### Exercise goal
Return, unchanged and with no pictures, the lines below from the very first through the one that contains "- Shutterstock ID 2024096198".

[Captioned web images]

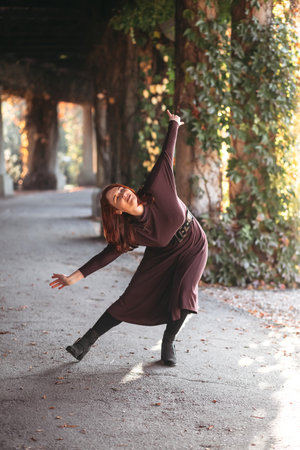 young smiling attractive woman in morning sunrise dancing in dress, healthy lifestyle, having funの写真素材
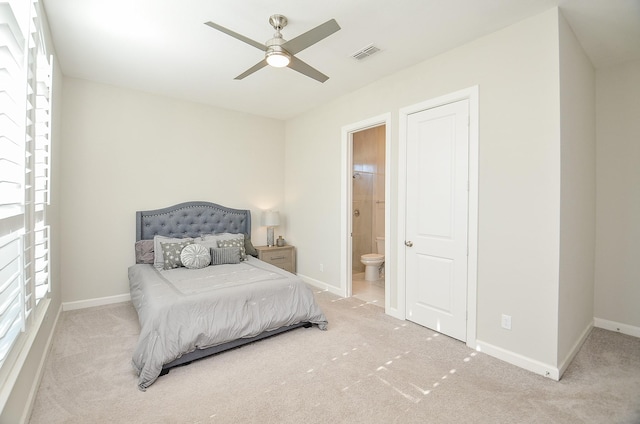 1310 Layla Sage Loop, Richmond, TX 77406 - carpeted bedroom featuring visible vents, ensuite bath, and multiple windows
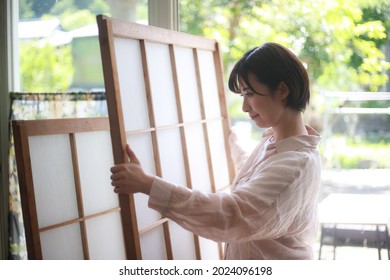 A woman who replaces shoji 
 - Shutterstock ID 2024096198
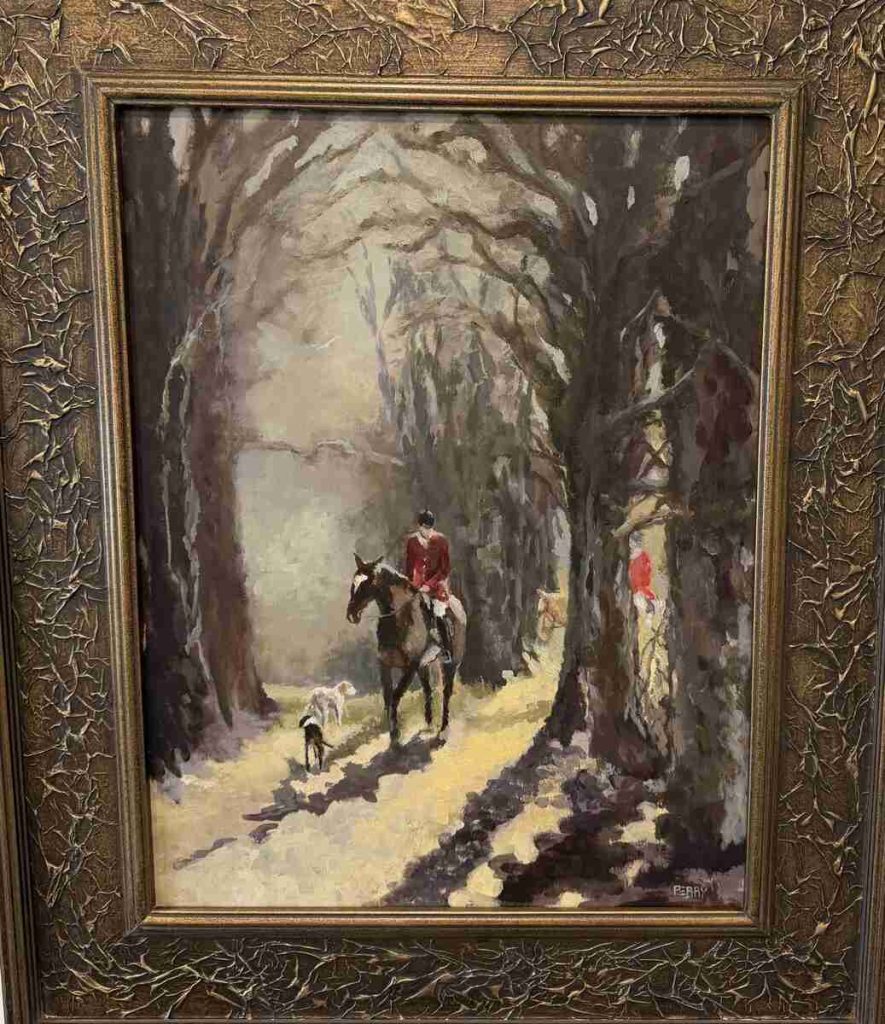 Hunt rider walking through trees with sunlight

### Solution for this task
 young smiling attractive woman in morning sunrise dancing in dress, healthy lifestyle, having funの写真素材
 1310 Layla Sage Loop, Richmond, TX 77406 - carpeted bedroom featuring visible vents, ensuite bath, and multiple windows
 A woman who replaces shoji 
 - Shutterstock ID 2024096198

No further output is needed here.